Service Discovery#
Overview#
Service discovery registers instance metadata and tracks instance liveness across the cluster, enabling the Gateway and the Scheduler to discover backend instances.
Llumnix provides two discovery paths. In lite-mode scheduling, both the Gateway and the Scheduler share the same sidecar path. In full-mode scheduling, the Scheduler switches to the Llumlet subprocess path because full-mode scheduling demands richer instance metadata and status that only the Llumlet subprocess path provides. The Gateway retains its own sidecar-based discovery in full-mode scheduling so that it can independently discover backend instances and fall back to round-robin routing when the Scheduler is unavailable.
Component |
Lite-mode scheduling |
Full-mode scheduling |
|---|---|---|
Gateway |
Redis / etcd discovery |
Redis / etcd discovery |
Scheduler |
Redis / etcd discovery |
CMS discovery (backed by redis) |
Discovery Paths by Scheduling Mode#
Lite-mode scheduling: Both the Gateway and the Scheduler discover instances through the discovery sidecar path.
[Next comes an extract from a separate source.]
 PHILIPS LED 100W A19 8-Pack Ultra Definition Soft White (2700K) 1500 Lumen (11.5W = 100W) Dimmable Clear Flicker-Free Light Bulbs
%%{init: {'flowchart': {'curve': 'basis', 'nodeSpacing': 30}}}%%
graph BT
subgraph Inference_Pod["Inference Pod"]
Sidecar[Discovery Sidecar]
Engine[Inference Engine]
end
Store[(Redis / etcd)]
Sidecar -.->|periodic health check| Engine
Sidecar -->|put info| Store
Store --> Gateway[Gateway]
Store --> Scheduler[Scheduler]
Full-mode scheduling: The Gateway still uses the discovery sidecar path. The Scheduler switches to the Llumlet subprocess path, consuming richer instance metadata and status from the Cluster Metadata Store (CMS).
%%{init: {'flowchart': {'curve': 'basis', 'nodeSpacing': 30}}}%%
graph BT
subgraph Inference_Pod["Inference Pod"]
Sidecar[Discovery Sidecar]
Engine[Inference Engine]
Llumlet[Llumlet]
end
Store[(Redis / etcd)]
CMS[("CMS (Redis)")]
Sidecar -.->|periodic health check| Engine
Llumlet -.->|periodic pull metadata| Engine
Sidecar -->|put info| Store
Store --> Gateway[Gateway]
Llumlet -->|put metadata| CMS
CMS --> Scheduler[Scheduler]
Discovery sidecar path: A sidecar container in each inference pod health-checks the local inference engines, registers healthy instances to Redis or etcd, and maintains liveness through periodic heartbeats. The Gateway and the Scheduler (in lite-mode scheduling) consume this data through resolver components.
Llumlet subprocess path: The Llumlet subprocess registers instance metadata and periodically pushes instance metadata and status to CMS (backed by Redis). The Scheduler (in full-mode scheduling) polls both metadata and status to build a rich instance view for advanced scheduling (see full-mode scheduling)policies.
Discovery Sidecar Path#
The discovery sidecar runs as a separate container in each inference pod. Each heartbeat cycle, it health-checks every local engine endpoint via HTTP, registers all healthy instances to the configured backend (Redis or etcd), and removes unhealthy ones. If the sidecar process dies, the backend expires the stale entry and downstream consumers remove the instance from their view.
Supported Backends#
Redis: Low operational overhead — compatible with managed cloud Redis services, requiring no additional infrastructure for teams that already use Redis. The sidecar writes instance data with an embedded timestamp. Consumer-side resolvers poll Redis at a fixed interval and expire entries whose timestamp exceeds a configurable TTL.
etcd: Built-in Raft consensus provides strong consistency and tolerates minority node failures, but requires deploying and maintaining a dedicated etcd cluster. The sidecar writes instance data under an etcd lease and runs a background keepalive loop. Consumer-side resolvers subscribe to etcd’s Watch API for real-time change notifications, with periodic full refreshes as a reconciliation fallback.
Llumlet Subprocess Path#
The Llumlet subprocess runs alongside each inference engine instance, bridging the engine and the global scheduling layer. It registers two categories of data to CMS (backed by Redis):
Metadata: On startup, Llumlet registers instance metadata (instance ID, IP, ports, model type, data-parallel configuration). Metadata is periodically re-sent to refresh its TTL — if Llumlet dies, the key expires and the Scheduler removes the instance from its cluster view.
Status: Llumlet periodically pulls engine-internal status (request counts, GPU token usage, migration state) and pushes it to CMS. The Scheduler runs independent refresh loops for metadata and status, combining them into instance views for full-mode scheduling decisions.
CMS is only used in full-mode scheduling. In lite-mode scheduling, the Scheduler maintains a Local Real-time State (LRS) instead — see Policy Framework for the comparison between full-mode scheduling and lite-mode scheduling.